I’ve had so many exes suggest that we try to be friends after we end our romantic relationship, even when it’s ended on bad terms. Do you think we ever end up staying friends? Do they ever try? Of course not! In my opinion, guys never actually want to be your friend after you break up. Here’s why:
They say it to ease their guilt, not your pain. I was cheated on once. My ex told me that he couldn’t see life without me in it, which only enraged me further. If that was true, why did he ruin our relationship for sex with someone else? Honestly, I think that he just wanted to hear me agree to being friends. Whether he meant it or not doesn’t matter. Looking back, I think he said we should try to be friends because it made him feel less guilty in some kind of screwed up way. No thanks.
They don’t want to see you move on. I have a hard time believing that guys actually feel good about seeing their exes move on. They certainly don’t want to know that you have a new boyfriend or a new hookup or that you’re happy without them. A real friend is supportive of their friends’ milestones, achievements, and relationships. I just don’t believe that there are guys out there chomping at the bit to like and comment on their exes’ Instagram pics with new dudes.
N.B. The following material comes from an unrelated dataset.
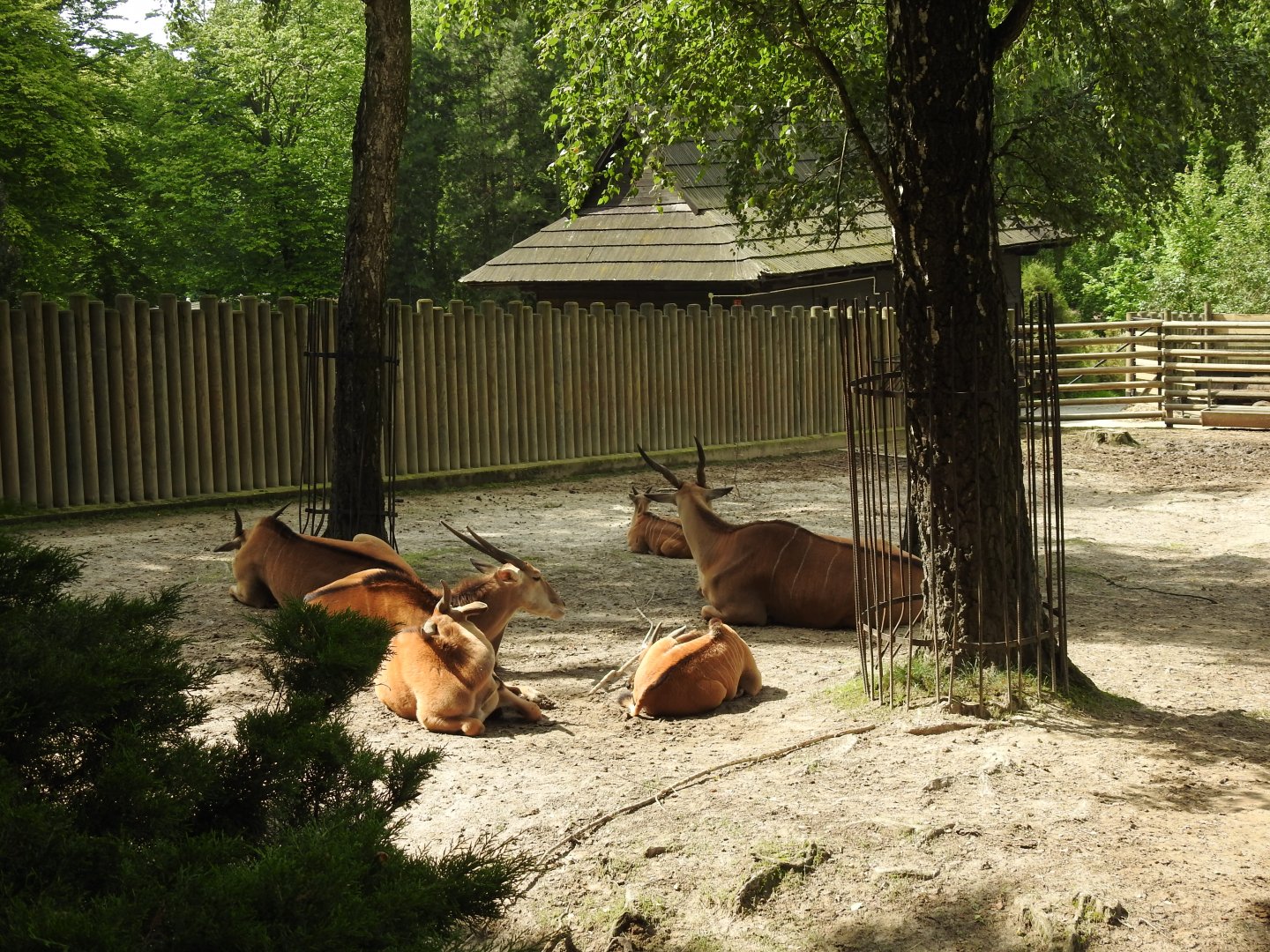 Eland exhibit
They don’t want to talk about how you’ve moved on. Similarly, they certainly don’t want to talk about how you’ve moved on. In addition to celebrating and supporting you, friends also listen to you talk about the happenings in your life. Your relationship with someone is usually a big happening and a big topic of discussion. I don’t know any exes who have willingly wanted to listen to me go on and on about my new boyfriend and our plans together.
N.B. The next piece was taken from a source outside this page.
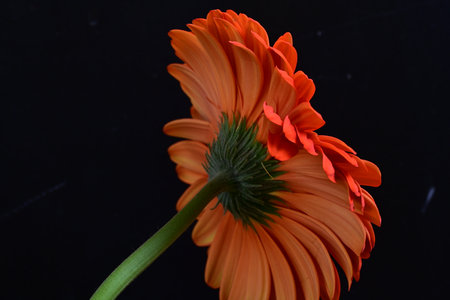 Orange gerbera flower isolated on black background, close-upの写真素材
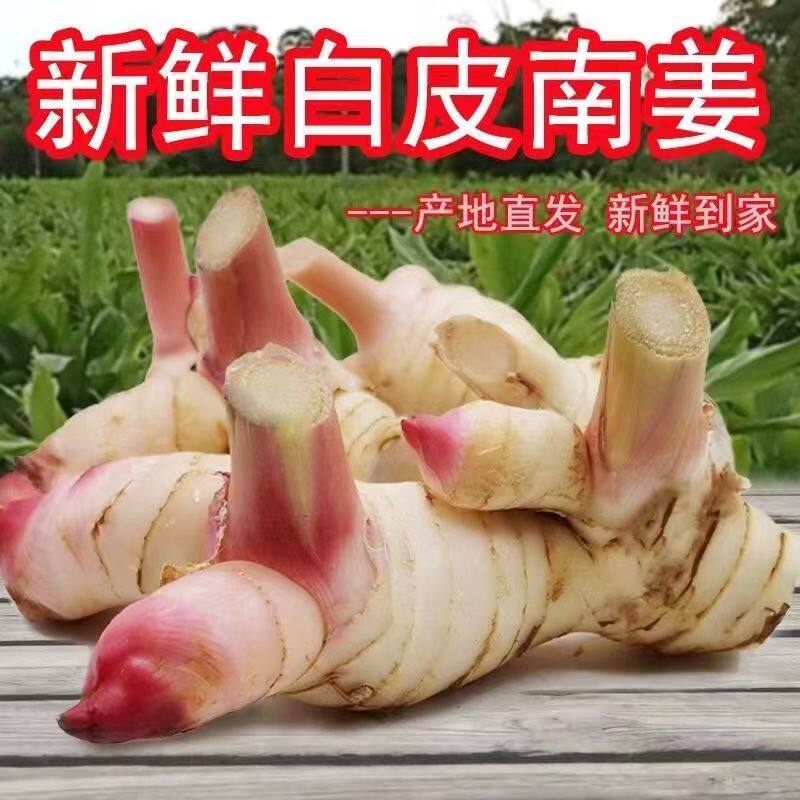 新鲜泰国白皮南姜 泰国菜专用姜 泰国良姜 芦苇姜 山姜 高良姜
They’re just nosy AF. Listen, guys are just as nosy as we are. He doesn’t want to be your friend, he just wants to check up on you. If you broke up with him, he might want to be your friend so he can see if there’s room for him to weasel his way back into your life. If he dumped you, well, he’s just selfish. If he was a good guy, he would just let you live your life and move on.
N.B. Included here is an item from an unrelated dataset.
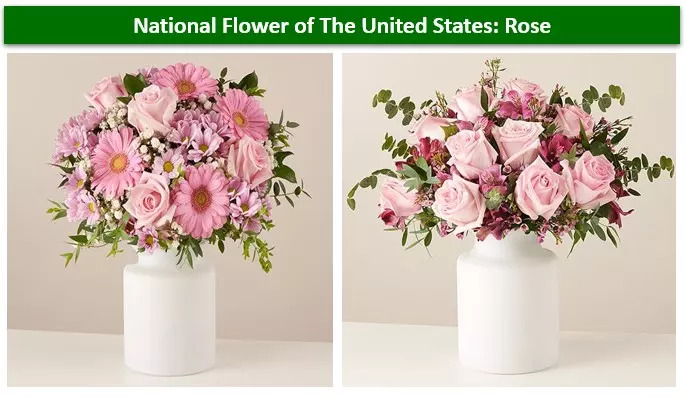 pink roses meaning in the usa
They can’t handle the fact that they failed at something. Especially if you were in a relationship for multiple years. The truth is, none of us ever feel good after we end a relationship. You go from spending a ton of your time with someone to not talking to them at all. It’s totally hard, but that’s life sometimes. Love is a huge risk and you might fail. I don’t know about you, but some of my exes couldn’t handle that our relationship failed. It seems to me that by suggesting that we try to be friends, they were just trying to make the failure less real.
They want to keep the door open. Some guys think that even if you’re broken up, you can be intimate. Declaring that you’re friends now even though you’re not officially together kinda does that and in my experience, it makes things super complicated. I feel like if I just shut my exes completely out of my life, the hooking up wouldn’t have ever happened and the are-we-together-or-are-we-just-hooking-up-post-relationship crap that kept me from moving on never would have happened either.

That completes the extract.